Elastic Throughput Scaling: Overview

white cloud in vault type room representing cloud computing

Manvendra Panwar authored this post.

Elastic Throughput Scaling (ETS) enables Vertica to increase concurrency through which we can achieve higher throughput. ETS can take advantage of redundant shard subscriptions to automatically identify the nodes in the cluster that can execute a query.

More Nodes (N) than Shards (S): Achieving higher throughput

• S nodes can serve as Participating Subscriptions for a session

• Vertica can concurrently run ~(Nodes/Shards) queries

Rebalance_shards() to provide Participating Subscriptions for a session. It rebalances shard assignments across a cluster in Eon Mode. When Vertica rebalances shards, it automatically takes into account K-Safety and fault groups. Some of the core functionalities of Rebalance_shards are:

• Rebalance subscriptions across the nodes

• Only UP nodes with ACTIVE subscriptions are picked

• Uniformly distribute Node-per-Shard load

• K-safety achieved by any shard having >=K+1 subscriber nodes

• Each node also serves the Replica shard

Example: 9 nodes, 3 shards, 3 sessions (9/3=3) allowing three queries to be run concurrently.

This way you can add nodes temporarily at peak demand times to process more concurrent queries.

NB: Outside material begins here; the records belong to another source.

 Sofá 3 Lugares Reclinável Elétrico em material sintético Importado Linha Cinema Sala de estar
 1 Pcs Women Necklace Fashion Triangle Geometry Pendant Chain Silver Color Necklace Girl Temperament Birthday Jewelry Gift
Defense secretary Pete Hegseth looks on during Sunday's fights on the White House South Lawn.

Example – 4 Nodes 3 Shards Cluster

dbadmin=> SELECT shard_name, node_name FROM session_subscriptions WHERE is_participating;
shard_name | node_name
------------|-----------
replica     | node01
replica     | node02
replica     | node 03
segment0001 | node01
segment0002 | node02
segment0003 | node03

Suppose node 2 goes down.

SELECT rebalance_shards(); 
-- Any UP nodes with ACTIVE subscriptions are picked to serve segment0002 if you run rebalance_shards().

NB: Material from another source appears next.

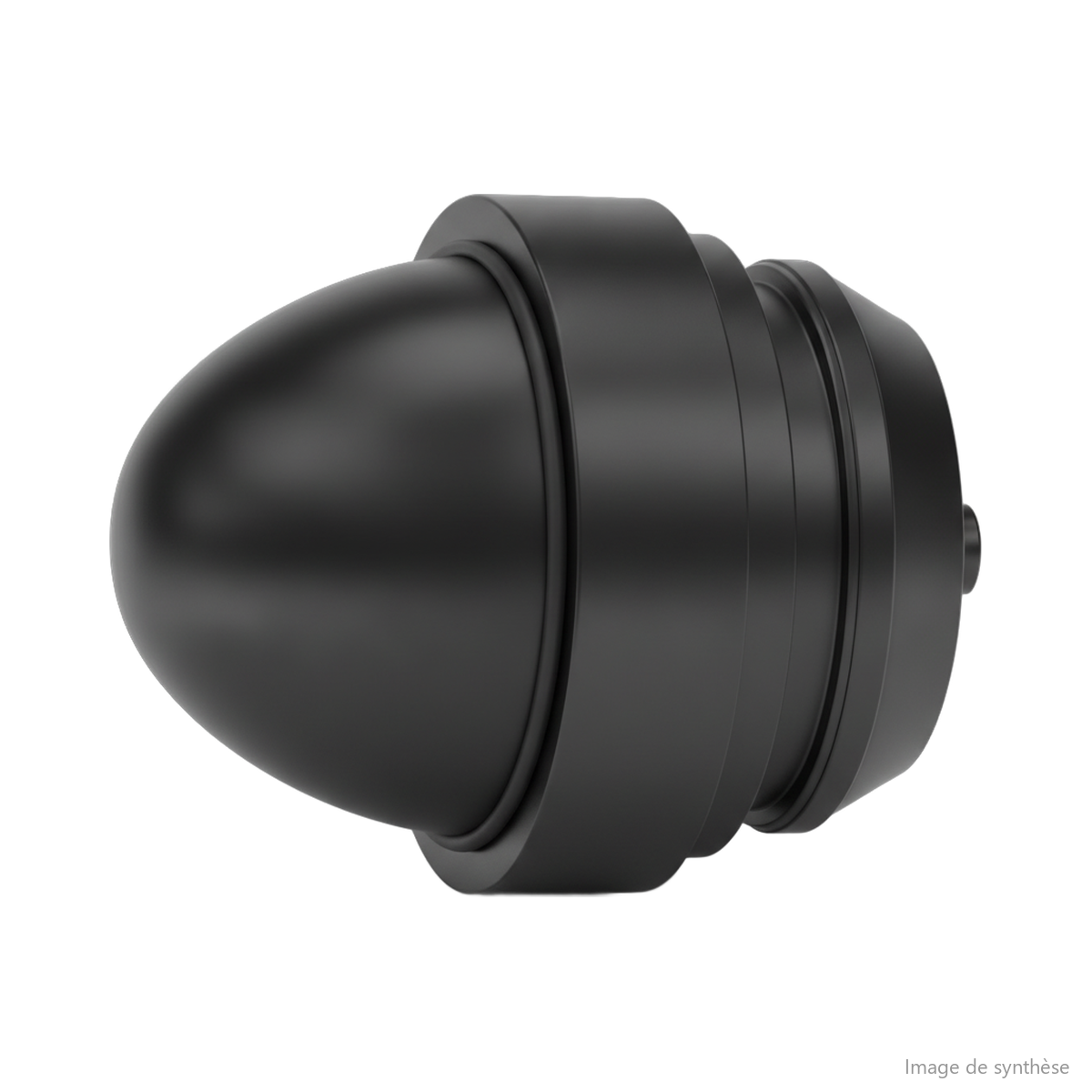 Modélisation 3D d'un phare avant inférieur vert pour Dualtron Popular vu de profil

shard_name  |         node_name
-------------+----------------------------
 replica     | node04
 replica     | node03
 replica     | node01
 segment0001 | node01
 segment0002 | node04
 segment0003 | node03
(6 rows)

Elastic Throughput Scaling Example

dbadmin=> CREATE TABLE t (i int, j int) SEGMENTED BY hash(a) ALL NODES;
CREATE TABLE

dbadmin=> insert into t values (1,2);
 OUTPUT
--------
      1
(1 row)

dbadmin=> commit;
COMMIT

dbadmin=> SELECT count(*) FROM t;
 count
-------
     1
(1 row)

dbadmin=> SELECT DISTINCT node_name FROM dc_query_executions WHERE transaction_id = current_trans_id() AND statement_id = current_statement() - 1;
         node_name
----------------------------
node01
node04
node03
(3 rows)

Or we can alter session enable PlanOutputVerbose to see which nodes are participating.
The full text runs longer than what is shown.